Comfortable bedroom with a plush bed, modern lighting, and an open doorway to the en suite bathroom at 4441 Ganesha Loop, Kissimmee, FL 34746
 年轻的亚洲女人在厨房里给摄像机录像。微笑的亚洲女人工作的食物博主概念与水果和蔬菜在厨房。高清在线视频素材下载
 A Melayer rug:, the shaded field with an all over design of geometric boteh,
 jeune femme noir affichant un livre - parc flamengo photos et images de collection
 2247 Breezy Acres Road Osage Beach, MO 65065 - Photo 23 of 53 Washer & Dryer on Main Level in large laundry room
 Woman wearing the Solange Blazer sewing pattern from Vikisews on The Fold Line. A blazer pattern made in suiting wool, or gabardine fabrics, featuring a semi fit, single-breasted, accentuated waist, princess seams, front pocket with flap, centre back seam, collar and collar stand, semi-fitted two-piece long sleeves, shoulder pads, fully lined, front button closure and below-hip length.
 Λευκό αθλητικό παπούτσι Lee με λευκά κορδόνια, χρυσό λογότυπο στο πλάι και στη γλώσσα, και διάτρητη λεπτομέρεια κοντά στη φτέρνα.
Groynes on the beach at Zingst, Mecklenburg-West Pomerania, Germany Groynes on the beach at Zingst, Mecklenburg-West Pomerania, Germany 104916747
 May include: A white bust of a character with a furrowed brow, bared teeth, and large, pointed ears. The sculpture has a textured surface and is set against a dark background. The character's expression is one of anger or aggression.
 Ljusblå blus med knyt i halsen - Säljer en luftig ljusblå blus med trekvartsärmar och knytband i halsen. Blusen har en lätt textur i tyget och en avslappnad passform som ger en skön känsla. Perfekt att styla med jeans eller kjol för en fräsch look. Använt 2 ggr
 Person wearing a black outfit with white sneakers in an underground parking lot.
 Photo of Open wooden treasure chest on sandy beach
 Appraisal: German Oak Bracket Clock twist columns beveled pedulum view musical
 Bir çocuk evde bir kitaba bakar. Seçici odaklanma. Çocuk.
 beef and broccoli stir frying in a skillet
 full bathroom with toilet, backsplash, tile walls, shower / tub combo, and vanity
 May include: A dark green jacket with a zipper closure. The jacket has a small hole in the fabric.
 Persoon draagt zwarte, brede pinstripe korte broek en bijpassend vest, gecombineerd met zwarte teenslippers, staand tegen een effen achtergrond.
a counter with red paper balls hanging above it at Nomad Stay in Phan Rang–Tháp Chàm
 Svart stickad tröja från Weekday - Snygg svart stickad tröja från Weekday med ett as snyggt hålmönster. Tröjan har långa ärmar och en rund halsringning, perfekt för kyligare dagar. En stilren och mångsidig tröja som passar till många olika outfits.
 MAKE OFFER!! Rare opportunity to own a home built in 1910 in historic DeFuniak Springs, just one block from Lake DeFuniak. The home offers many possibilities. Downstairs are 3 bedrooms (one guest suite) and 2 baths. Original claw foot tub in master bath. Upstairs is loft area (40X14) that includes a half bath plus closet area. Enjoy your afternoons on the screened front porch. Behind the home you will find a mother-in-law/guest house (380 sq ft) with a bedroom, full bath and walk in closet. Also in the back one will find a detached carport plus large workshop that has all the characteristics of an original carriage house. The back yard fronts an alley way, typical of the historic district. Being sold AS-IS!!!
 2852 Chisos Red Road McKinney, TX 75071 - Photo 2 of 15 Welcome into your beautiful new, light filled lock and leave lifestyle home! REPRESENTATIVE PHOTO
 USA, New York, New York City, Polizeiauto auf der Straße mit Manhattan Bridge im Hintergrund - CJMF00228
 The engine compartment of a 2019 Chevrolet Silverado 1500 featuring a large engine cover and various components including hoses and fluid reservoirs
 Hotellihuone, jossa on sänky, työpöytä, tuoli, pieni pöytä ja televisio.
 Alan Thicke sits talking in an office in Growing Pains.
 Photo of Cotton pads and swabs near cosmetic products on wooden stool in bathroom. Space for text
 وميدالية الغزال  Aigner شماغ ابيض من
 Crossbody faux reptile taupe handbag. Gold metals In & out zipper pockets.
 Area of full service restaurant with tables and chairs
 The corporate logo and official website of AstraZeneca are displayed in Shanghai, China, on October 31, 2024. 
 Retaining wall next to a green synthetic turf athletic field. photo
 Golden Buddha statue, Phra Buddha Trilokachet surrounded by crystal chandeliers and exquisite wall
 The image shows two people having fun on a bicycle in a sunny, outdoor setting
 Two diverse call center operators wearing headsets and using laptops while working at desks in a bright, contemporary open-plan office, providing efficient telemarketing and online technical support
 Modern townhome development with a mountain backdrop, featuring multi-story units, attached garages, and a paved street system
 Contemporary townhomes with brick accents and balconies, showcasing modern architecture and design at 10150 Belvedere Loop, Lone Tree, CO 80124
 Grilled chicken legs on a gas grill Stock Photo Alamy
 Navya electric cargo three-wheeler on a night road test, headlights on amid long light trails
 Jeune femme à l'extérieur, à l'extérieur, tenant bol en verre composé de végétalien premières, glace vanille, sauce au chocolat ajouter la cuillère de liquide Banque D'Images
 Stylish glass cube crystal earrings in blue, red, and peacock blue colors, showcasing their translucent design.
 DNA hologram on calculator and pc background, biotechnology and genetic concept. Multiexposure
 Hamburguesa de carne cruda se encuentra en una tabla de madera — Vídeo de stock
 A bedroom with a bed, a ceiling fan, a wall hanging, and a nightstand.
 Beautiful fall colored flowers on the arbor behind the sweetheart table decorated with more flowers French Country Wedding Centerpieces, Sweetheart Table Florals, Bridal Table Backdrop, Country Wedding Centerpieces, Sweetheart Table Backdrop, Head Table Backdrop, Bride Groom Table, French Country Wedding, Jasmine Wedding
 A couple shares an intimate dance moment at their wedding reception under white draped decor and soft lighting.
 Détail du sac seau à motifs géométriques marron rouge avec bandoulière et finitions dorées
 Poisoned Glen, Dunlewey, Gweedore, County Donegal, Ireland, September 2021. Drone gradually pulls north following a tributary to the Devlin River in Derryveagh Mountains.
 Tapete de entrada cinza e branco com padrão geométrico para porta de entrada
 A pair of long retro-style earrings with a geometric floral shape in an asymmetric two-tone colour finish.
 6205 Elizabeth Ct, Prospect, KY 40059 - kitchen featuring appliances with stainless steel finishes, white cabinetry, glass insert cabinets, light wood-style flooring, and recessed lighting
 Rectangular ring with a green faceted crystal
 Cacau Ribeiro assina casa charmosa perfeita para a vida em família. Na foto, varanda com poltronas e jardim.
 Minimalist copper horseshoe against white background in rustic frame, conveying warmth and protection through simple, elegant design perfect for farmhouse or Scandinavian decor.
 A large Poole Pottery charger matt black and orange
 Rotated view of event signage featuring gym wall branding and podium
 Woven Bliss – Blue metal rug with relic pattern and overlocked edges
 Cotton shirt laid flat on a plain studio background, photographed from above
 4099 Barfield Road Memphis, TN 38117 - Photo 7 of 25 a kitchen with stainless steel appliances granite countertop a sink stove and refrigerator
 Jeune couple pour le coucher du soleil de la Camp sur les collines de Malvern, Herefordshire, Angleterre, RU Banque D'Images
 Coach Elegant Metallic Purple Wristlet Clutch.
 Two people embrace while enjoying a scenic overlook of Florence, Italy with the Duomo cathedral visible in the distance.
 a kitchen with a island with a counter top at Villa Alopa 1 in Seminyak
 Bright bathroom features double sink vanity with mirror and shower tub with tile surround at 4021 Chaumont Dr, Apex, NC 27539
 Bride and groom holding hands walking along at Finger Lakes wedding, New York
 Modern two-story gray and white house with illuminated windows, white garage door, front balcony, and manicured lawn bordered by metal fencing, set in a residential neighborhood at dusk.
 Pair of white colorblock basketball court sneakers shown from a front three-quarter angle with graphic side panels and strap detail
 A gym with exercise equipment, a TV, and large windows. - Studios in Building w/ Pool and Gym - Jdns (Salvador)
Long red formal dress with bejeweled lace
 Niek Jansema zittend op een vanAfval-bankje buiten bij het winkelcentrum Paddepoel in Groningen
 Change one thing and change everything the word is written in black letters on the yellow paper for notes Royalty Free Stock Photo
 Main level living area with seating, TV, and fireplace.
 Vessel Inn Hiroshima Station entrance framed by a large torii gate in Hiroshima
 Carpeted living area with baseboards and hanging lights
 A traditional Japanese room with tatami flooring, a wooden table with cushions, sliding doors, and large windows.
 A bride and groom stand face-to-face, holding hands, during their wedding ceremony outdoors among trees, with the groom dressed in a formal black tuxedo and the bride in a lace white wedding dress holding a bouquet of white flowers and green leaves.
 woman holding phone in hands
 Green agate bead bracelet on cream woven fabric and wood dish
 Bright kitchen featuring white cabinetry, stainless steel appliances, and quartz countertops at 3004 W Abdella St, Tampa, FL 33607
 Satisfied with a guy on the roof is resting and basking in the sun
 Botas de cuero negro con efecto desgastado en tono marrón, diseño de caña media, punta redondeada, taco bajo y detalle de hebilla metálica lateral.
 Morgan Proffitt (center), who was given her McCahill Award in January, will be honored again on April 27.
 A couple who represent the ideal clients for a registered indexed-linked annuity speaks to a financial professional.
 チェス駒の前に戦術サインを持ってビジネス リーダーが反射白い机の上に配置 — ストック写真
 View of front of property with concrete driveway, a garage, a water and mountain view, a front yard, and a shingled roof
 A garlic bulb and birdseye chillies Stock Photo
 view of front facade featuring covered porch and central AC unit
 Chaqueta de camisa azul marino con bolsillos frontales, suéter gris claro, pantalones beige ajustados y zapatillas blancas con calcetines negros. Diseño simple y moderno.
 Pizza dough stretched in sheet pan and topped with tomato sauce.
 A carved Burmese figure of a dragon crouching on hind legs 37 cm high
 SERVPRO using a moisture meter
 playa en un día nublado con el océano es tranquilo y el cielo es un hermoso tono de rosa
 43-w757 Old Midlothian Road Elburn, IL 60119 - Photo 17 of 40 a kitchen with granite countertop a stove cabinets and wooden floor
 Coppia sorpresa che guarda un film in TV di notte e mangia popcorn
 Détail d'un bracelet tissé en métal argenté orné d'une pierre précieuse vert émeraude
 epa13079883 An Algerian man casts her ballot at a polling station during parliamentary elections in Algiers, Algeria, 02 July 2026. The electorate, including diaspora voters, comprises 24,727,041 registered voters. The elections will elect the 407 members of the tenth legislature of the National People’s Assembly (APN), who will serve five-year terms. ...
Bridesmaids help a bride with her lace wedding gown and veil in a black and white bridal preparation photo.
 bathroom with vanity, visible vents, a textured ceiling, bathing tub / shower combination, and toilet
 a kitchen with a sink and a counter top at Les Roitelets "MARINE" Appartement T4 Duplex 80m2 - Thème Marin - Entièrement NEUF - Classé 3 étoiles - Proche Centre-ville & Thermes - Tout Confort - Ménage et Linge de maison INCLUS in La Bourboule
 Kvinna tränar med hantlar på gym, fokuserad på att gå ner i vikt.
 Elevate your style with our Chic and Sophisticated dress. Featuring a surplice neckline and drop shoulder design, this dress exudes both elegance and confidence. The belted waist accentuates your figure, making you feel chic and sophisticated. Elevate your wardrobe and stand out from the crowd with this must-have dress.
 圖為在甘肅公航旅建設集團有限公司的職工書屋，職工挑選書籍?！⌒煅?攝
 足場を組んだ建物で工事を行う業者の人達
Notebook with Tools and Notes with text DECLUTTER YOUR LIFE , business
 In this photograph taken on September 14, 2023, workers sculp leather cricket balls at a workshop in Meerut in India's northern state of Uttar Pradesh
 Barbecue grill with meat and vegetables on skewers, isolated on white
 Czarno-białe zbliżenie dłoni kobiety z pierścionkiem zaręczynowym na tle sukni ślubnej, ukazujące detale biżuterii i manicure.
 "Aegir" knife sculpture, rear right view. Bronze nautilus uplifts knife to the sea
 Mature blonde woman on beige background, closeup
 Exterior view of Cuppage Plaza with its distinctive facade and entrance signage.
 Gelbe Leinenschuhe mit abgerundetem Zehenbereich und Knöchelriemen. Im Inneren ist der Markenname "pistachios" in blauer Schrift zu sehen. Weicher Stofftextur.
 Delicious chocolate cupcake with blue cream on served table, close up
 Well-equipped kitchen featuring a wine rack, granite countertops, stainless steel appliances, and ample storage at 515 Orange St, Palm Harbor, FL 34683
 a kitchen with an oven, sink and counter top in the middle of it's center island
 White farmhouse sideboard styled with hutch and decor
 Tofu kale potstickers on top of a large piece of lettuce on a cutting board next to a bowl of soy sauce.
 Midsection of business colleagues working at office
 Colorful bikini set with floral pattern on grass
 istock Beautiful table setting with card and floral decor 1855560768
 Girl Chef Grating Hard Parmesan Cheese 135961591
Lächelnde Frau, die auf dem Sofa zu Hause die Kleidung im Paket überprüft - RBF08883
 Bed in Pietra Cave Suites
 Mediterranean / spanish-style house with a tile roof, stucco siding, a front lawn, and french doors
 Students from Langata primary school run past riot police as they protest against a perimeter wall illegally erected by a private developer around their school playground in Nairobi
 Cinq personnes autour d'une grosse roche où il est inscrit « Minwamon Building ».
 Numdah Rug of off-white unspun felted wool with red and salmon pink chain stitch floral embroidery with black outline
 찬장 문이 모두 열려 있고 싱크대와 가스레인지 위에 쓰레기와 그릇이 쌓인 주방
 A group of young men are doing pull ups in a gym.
____
DIRECTIONS FOR THIS TASK =>
Using the data above, transcribe the lines that run from the line with "woman holding phone in hands" to the line with "A garlic bulb", both ends kept, and output nothing else.

EXPECTED OUTPUT =>
 woman holding phone in hands
 Green agate bead bracelet on cream woven fabric and wood dish
 Bright kitchen featuring white cabinetry, stainless steel appliances, and quartz countertops at 3004 W Abdella St, Tampa, FL 33607
 Satisfied with a guy on the roof is resting and basking in the sun
 Botas de cuero negro con efecto desgastado en tono marrón, diseño de caña media, punta redondeada, taco bajo y detalle de hebilla metálica lateral.
 Morgan Proffitt (center), who was given her McCahill Award in January, will be honored again on April 27.
 A couple who represent the ideal clients for a registered indexed-linked annuity speaks to a financial professional.
 チェス駒の前に戦術サインを持ってビジネス リーダーが反射白い机の上に配置 — ストック写真
 View of front of property with concrete driveway, a garage, a water and mountain view, a front yard, and a shingled roof
 A garlic bulb and birdseye chillies Stock Photo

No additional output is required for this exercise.